Located in the Crater of Diamonds State Park in Pike County, Arkansas, is a 37.5-acre  plowed piece of ground that us is billed as the world’s only diamond field that is accessible to the public.

Just several days ago, a 71-year-old retiree from Aurora, Colorado, was visiting the park with her family, and after just 10 minutes of looking came upon a white diamond weighing 2.63 carats. It was the largest find at the park thus far in 2018.

The lucky visitor said that was not sure if she had picked up a piece of glass, but discovered the true nature of her find  when she later brought it to the park’s Diamond Discovery Center. She named her diamond Lichtenfels, after the town she was born in Germany, which means “a rock between two lights.” According to park rules, it is hers to keep.

Thus far in 2018, 256 diamonds have been registered as discovered at Crater of Diamonds State Park, weighing a total of 49.64 carats. Others, presumably, may have exited the park unregistered, in visitors’ pockets.

Since it became an Arkansas state park in 1972, more 33,100 diamonds have been discovered at the site by visitors.
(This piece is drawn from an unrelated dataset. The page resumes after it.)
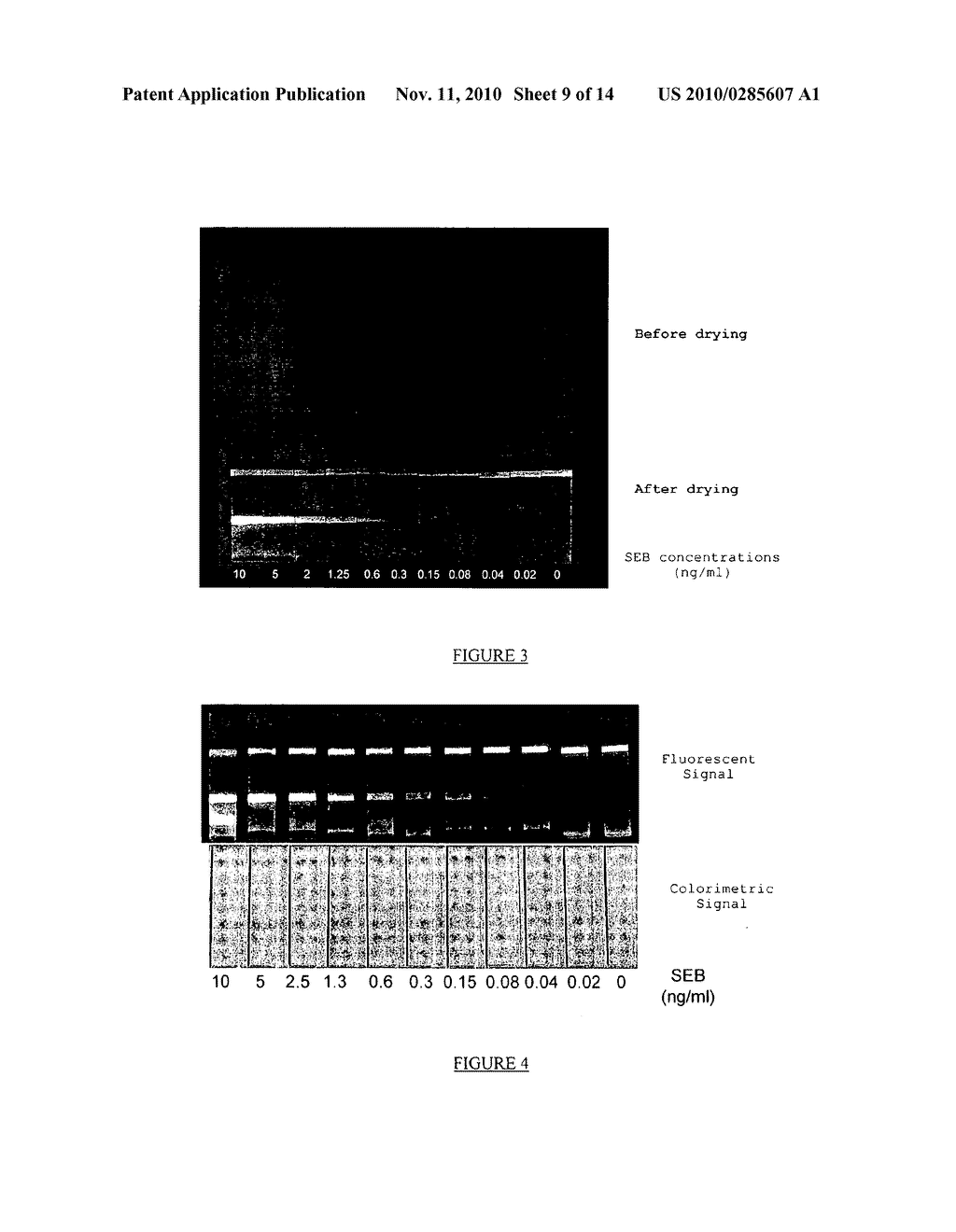 METHOD FOR DETECTING AND QUANTIFYING ANALYTES ON A SOLID SUPPORT WITH LIPOSOME-ENCAPSULATED FLUORESCENT MOLECULES - diagram, schematic, and image 10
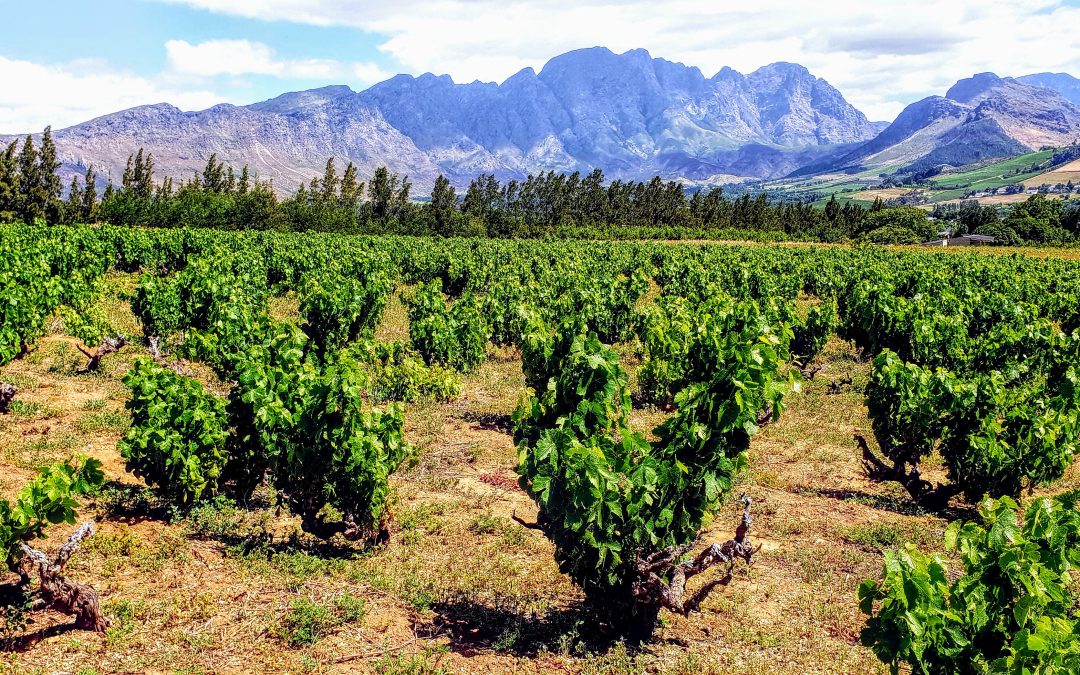 Stellenbosch Visio: The Old Vine Project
Among the larger ones were the 40.23-carat Uncle Sam, which holds the record as the largest diamond ever unearthed in the United States, the 16.37-carat Amarillo Starlight, the 15.33-carat Star of Arkansas, and the 8.52-carat Esperanza.

Visitors to the Crater of Diamonds State Park searching the plowed field, in the hope of discovering their own rough diamond.

A selection of fancy colored and white diamonds that have been discovered over the years at the Crater of Diamonds State Park.

The Crater of Diamonds State Park is located above the eroded remains of a 95-million-year-old volcano. The diamonds at the site were brought to the surface in lamproite magma, which differs from the kimberlite magma that is typical of most mine sites, although it is characteristic of diamond mines in Australia.

Mining at the site started in 1906, after a local farmer named John Huddleston found two strange crystals. The following month he sold mining options to a group of Little Rock investors.

But several attempts at commercial diamond mining failed. Nonetheless, there was a brief “diamond rush” in the area, and it is said that at the time hotels in Murfreesboro turned away 10,000 people in the space of a year. A tent city was erected near the mine, which was called “Kimberly” in honor of the famous Kimberley mine in South Africa.

Today the park greets thousands of visitors each year. There they view a display of rough diamonds and other locally-found gemstones, and learn about the area’s unique history and geology. They are invited to explore the area on their own, and see what they can find.  Some, like the lady from Colorado, get lucky.